Internationale Verträge, durch die einer internationalen Organisation oder einem Bund Befugnisse aus der Verfassung der Republik Kroatien übertragen werden, bestätigt der Sabor mit einer Mehrheit von zwei Drittel aller Abgeordneten.

Artikel 134

Internationale Verträge, die in Einklang mit der Verfassung abgeschlossen, bestätigt und veröffentlicht wurden, bilden einen Teil der inneren Rechtsordnung der Republik und stehen ihrer Rechtskraft nach über dem Gesetz.

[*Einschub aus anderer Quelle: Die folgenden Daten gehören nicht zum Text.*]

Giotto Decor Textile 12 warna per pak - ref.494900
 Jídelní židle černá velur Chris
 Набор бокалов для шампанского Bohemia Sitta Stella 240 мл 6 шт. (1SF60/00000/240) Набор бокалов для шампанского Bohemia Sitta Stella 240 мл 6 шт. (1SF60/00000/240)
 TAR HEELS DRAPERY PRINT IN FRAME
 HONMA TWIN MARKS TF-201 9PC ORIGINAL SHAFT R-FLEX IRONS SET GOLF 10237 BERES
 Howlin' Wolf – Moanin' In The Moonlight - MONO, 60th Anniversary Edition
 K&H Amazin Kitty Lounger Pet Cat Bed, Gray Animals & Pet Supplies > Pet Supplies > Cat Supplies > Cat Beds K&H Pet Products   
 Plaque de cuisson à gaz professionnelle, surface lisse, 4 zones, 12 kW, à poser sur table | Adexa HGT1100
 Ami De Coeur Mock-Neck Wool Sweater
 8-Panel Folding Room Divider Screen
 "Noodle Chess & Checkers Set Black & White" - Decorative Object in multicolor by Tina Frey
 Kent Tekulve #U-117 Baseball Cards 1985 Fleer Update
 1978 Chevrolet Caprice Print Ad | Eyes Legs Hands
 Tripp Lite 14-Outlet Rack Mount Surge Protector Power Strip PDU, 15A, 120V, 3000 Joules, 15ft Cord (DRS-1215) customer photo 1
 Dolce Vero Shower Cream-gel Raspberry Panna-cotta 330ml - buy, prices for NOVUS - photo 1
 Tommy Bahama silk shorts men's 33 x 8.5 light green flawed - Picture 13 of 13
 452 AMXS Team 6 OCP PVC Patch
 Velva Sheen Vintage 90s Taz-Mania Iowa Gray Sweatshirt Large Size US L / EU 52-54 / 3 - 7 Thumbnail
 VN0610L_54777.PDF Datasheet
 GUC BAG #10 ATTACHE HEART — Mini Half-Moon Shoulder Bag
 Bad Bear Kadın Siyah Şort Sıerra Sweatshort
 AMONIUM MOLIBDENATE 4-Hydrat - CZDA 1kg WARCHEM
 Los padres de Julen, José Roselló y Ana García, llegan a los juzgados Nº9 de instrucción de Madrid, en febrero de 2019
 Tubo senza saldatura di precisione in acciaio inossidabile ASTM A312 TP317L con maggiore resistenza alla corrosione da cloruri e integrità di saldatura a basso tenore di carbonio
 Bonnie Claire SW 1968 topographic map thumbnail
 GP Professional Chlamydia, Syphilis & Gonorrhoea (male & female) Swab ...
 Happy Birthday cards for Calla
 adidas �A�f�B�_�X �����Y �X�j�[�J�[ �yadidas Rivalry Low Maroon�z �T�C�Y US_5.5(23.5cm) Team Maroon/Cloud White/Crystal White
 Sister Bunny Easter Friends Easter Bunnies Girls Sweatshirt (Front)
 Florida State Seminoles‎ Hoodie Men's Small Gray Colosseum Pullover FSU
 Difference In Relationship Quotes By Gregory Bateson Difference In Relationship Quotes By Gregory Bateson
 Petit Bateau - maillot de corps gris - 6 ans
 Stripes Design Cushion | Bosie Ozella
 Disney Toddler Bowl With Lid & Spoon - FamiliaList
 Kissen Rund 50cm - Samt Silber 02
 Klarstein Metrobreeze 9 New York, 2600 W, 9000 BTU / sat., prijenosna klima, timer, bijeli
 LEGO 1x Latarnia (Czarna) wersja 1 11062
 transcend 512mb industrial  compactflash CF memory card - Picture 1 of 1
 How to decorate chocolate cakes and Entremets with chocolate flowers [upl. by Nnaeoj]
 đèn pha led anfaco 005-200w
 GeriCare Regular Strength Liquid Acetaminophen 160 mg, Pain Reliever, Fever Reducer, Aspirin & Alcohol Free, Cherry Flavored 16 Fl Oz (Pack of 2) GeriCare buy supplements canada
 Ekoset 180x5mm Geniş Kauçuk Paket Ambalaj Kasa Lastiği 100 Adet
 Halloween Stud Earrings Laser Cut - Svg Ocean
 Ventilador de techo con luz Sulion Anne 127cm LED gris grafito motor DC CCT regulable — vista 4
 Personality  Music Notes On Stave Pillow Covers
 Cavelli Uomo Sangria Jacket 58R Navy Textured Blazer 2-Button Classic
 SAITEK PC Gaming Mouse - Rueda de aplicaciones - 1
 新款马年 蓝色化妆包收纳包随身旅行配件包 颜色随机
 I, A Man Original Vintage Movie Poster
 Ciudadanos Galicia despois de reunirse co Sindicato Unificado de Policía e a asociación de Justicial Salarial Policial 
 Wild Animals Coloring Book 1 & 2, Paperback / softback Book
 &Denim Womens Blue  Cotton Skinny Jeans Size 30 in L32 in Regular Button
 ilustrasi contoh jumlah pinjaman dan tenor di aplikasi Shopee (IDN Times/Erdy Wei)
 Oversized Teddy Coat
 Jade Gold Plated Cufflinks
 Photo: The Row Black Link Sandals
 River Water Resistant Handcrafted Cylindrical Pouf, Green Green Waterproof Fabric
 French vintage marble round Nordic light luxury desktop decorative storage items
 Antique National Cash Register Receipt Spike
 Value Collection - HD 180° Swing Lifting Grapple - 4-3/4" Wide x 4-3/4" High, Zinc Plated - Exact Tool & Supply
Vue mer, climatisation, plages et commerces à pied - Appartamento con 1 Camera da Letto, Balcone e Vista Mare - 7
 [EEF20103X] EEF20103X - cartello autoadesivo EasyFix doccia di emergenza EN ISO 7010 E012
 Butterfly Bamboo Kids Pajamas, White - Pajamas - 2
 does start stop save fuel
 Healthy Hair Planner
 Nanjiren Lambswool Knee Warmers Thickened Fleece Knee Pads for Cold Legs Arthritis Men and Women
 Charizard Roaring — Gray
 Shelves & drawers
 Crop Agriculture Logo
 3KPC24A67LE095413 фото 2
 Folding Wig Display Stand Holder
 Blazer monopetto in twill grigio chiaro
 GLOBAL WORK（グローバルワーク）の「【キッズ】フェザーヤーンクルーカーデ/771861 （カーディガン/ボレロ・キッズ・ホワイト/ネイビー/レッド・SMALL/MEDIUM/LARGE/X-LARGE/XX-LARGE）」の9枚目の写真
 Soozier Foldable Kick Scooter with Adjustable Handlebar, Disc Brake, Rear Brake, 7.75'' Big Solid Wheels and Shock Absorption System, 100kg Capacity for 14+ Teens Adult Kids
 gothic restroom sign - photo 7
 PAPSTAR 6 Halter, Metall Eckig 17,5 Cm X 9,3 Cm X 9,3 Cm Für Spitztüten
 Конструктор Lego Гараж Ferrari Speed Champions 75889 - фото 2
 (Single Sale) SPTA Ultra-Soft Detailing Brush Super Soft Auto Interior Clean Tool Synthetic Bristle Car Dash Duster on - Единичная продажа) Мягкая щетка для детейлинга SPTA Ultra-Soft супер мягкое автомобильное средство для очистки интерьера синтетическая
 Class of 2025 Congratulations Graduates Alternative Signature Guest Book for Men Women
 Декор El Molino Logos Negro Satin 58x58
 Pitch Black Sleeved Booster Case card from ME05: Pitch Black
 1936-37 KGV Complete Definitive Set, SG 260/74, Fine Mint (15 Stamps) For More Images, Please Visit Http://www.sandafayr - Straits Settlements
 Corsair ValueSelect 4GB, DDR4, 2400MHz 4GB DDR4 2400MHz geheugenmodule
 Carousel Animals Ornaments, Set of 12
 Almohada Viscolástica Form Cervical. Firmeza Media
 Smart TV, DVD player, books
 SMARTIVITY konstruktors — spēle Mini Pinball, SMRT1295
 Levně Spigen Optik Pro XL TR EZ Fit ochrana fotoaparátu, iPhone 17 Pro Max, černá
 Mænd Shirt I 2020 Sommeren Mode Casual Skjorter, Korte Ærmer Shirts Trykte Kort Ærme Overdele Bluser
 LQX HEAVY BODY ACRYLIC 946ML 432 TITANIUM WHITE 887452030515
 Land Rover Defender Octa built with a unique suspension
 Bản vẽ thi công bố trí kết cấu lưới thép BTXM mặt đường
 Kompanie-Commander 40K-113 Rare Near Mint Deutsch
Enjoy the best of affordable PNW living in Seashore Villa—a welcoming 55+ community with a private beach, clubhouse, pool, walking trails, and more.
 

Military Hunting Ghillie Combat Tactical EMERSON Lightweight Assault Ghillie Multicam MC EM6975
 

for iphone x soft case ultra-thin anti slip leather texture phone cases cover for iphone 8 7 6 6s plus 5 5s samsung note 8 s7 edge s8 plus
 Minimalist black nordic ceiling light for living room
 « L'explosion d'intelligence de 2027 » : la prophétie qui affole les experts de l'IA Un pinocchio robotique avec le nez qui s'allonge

Ihre Bestimmungen können nur unter den Bedingungen oder auf die Art geändert oder aufgehoben werden, wie sie in ihnen festgelegt sind oder in Einklang mit den allgemeinen Regeln des Völkerrechts.

2. Vereinigung and Abspaltung

Artikel 135

Das Recht, ein Verfahren zur Vereinigung der Republik Kroatien in einen Bund mit anderen Staaten einzuleiten, haben mindestens ein Drittel der Abgeordneten des Sabors der Republik Kroatien, der Staatspräsident und die Regierung der Republik Kroatien.

Über die Vereinigung der Republik entscheidet zuerst der Sabor mit einer Mehrheit von zwei Drittel aller Abgeordneten.

Die Entscheidung über die Vereinigung der Republik wird durch ein Referendum mit der Mehrheit der Stimmen aller Wahlberechtigten der Republik getroffen.

Das Referendum muss innerhalb einer Frist von 30 Tagen ab dem Tag der Beschlussfassung des Sabors abgehalten werden.

Die Bestimmungen dieser Verfassung über eine Vereinigung beziehen sich auch auf die Bedingungen und das Verfahren für die Loslösung (Abspaltung) der Republik Kroatien, außer wenn

wegen außerordentlicher Umstände auf Antrag eines Drittels aller Abgeordneten oder des Staatspräsidenten oder der Regierung der Republik Kroatien der Sabor einen Beschluss über die Loslösung (Abspaltung) zum Schutz der Souveränität der Republik Kroatien durch eine Mehrheit von zwei Drittel der Stimmen der anwesenden Abgeordneten fassen kann.

VIII. ÄNDERUNGEN DER VERFASSUNG

Artikel 136

Das Recht, eine Änderung der Verfassung der Republik Kroatien vorzuschlagen, haben mindestens ein Fünftel der Abgeordneten der Abgeordnetenkammer des Sabors der Republik Kroatien, der Staatspräsident und die Regierung der Republik Kroatien.

Artikel 137

Die Abgeordnetenkammer entscheidet nach vorhergehender Stellungnahme durch die Komitatenkammer, ob sie einer Änderung der Verfassung mit der Mehrheit der Stimmen aller Abgeordneten zustimmen wird.

Der Entwurf einer Änderung der Verfassung wird von der Abgeordnetenkammer mit der Mehrheit der Stimmen aller Abgeordneten beschlossen.

Artikel 138

Über die Änderung der Verfassung entscheidet nach vorhergehender Stellungnahme durch die Komitatenkammer die Abgeordnetenkammer mit einer Mehrheit von zwei Drittel aller Abgeordneten.

Artikel 139

Die Änderung der Verfassung wird von der Abgeordnetenkammer des Sabors der Republik Kroatien kundgemacht.

IX. ÜBERGANGS- UND SCHLUSSBESTIMMUNGEN

Artikel 140

Die Republik Kroatien verbleibt bis zu einer neuen Vereinbarung der jugoslawischen Republiken oder solange der Sabor der Republik Kroatien nichts anderes beschließt im Verband der SFRJ.

Wenn durch einen Akt oder ein Verfahren der Organe der Föderation oder von Organen einer anderen Republik oder Provinz als Mitglieder der Föderation die territoriale Integrität der Republik Kroatien verletzt, sie in eine nicht gleichberechtigte Lage in der Föderation gebracht wird oder ihre Interessen gefährdet werden, werden die Republikorgane auf der Grundlage des Selbstbestimmungsrechtes und der durch diese Verfassung festgelegten Souveränität der Republik Kroatien die notwendigen Beschlüsse zum Schutz der Souveränität und der Interessen der Republik Kroatien fassen.

Artikel 141

Diese Verfassung tritt mit dem Tag in Kraft, an dem sie vom Sabor der Republik Kroatien kundgemacht wird, wenn nicht für die Anwendung einzelner ihrer Bestimmungen durch das Verfassungsgesetz zu ihrer Durchführung etwas anderes bestimmt wird.

Die Wahlen für den Sabor und den Staatspräsidenten werden gemäß den Wahlgesetzen ausgeschrieben, welche spätestens ein Jahr ab dem Tag der Kundmachung dieser Verfassung verabschiedet werden.

Artikel 142

Zur Durchführung dieser Verfassung wird ein Verfassungsgesetz erlassen.